Yes, there is a problem with tor.exe (0.4.7.15) - Microsoft has flagged this as a Trojan (Win32/Malgent!MTB) and is mercilessly removing tor from both the service and the browser on their windows systems
You’ve got a platform antivirus program removing a needed part to run Tor. I think it is in the project’s interest to get Microsoft to fix this if this truly isn’t a trojan. Otherwise, most Windows users wouldn’t want to (or even can’t) be running this version. The things that people do to get Tor to run now is to 1) reinstall the previous version and pause on update (maybe a dangerous activity for most people in itself) and 2) use Tor.exe from the previous release.
This could be a false positive, but it does effect most Windows users. OTH, if this is a true positive, nobody can evaluate it better than the project and Microsoft. 3CX supply-chain attack started off this way too.
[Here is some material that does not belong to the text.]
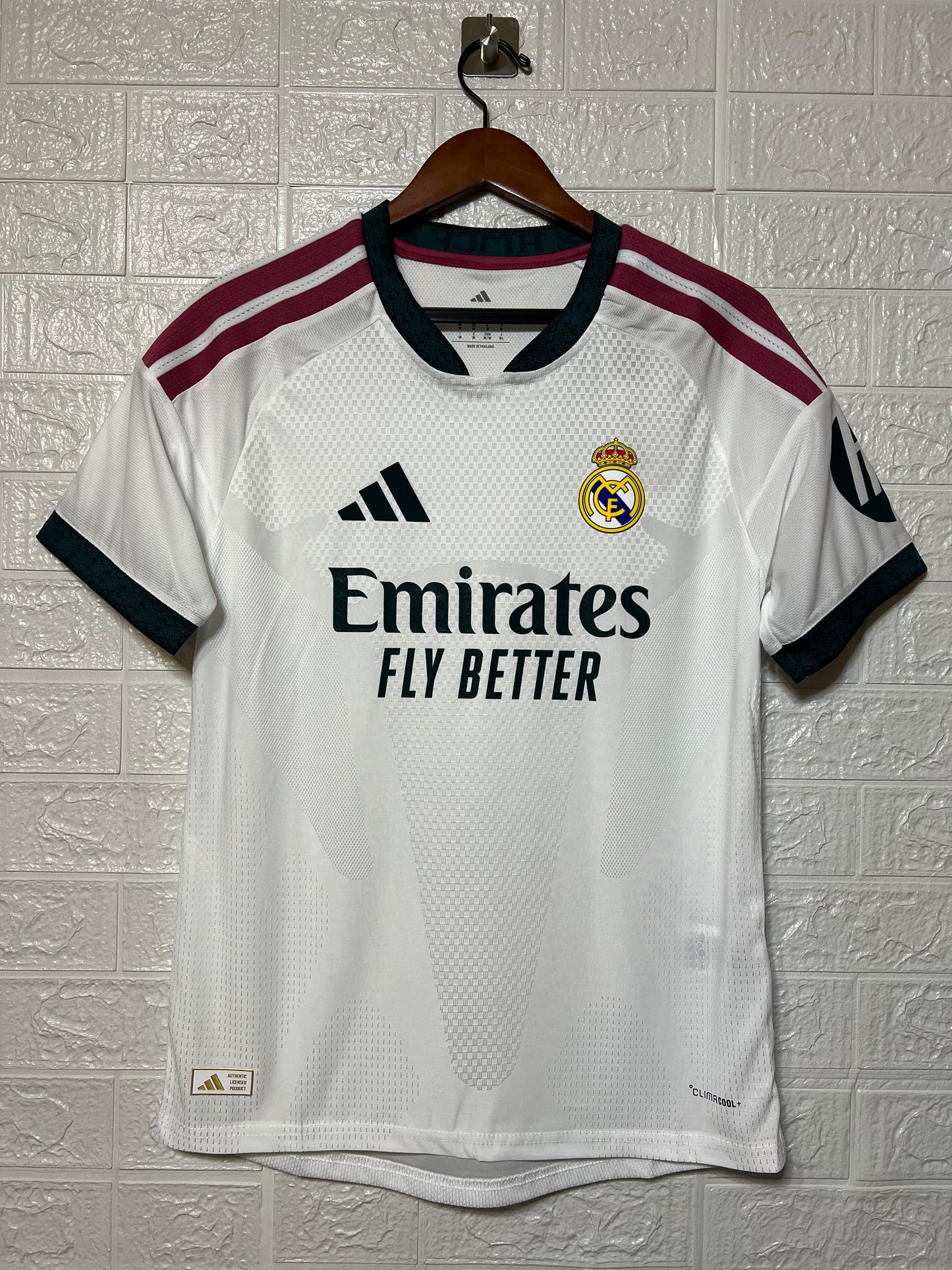 Real Madrid 26-27 vesión jugador local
Same problem as above, after upgrading to 12.5.6, Windows 10 Defender reported a “Trojan:Win32/Malgent!MTB” on “…Tor Browser\Browser\TorBrowser\Tor\tor.exe”.
For now, I replaced the tor.exe with on older version of the exe file but the Tor Project should avoid such problem because novice user will likely panic because of such message (namely a Virus threat, especially when it is a false positive) which cannot be fixed by “normal” means.
I’m not sure what heuristics Windows Defender uses to determine a “Trojan:Win32/Malgent!MTB” but running an upgrade and being greeted with such threat message isn’t helpful for either the project nor the user.
I’m assuming that the 12.5.6 release doesn’t contain a Trojan:Win32/Malgent!MTB but an official verification about the non-existence would be much appreciated.
Looks like there will be Tor Browser 12.5.7 soon enough because they have discovered yet another vulnerability in libvpx (CVE-2023-44488). Looking at the commit log for libvpx, it’s an absolute mine field. I wonder if TB should just set “media.mediasource.vp9.enabled” to false for the time being.
The most effective thing is: send the binary to the manufacturer of the antivirus software and write that it is recognized incorrectly.
This is how I do it with preinstalled Avast shit on my Android phone.
As far as I understand Tor Browser 13.0 is scheduled to be released today, but there has not been a Firefox release with the fix for CVE-2023-44488 yet. In fact, it hasn’t been cherry picked to their repository either (they don’t seem to use the stock libvpx version). I’m kind of confused here, Firefox devs are usually very fast at fixing things. Maybe Firefox is not affected due to its specific usage of libvpx? Who knows, all of the bug reports are private/restricted.
We had some last minute fixes for which we decided to push the 13.0 release of a few days.
We want to publish before Firefox 115.4.0 for sure.
We haven’t heard of scheduled releases from Mozilla, yet. So, 12.5.7 is not scheduled on our side either.
From what I know, earlier fixes weren’t used against Firefox, but only against “other products” (from what Mozilla’s advisories say).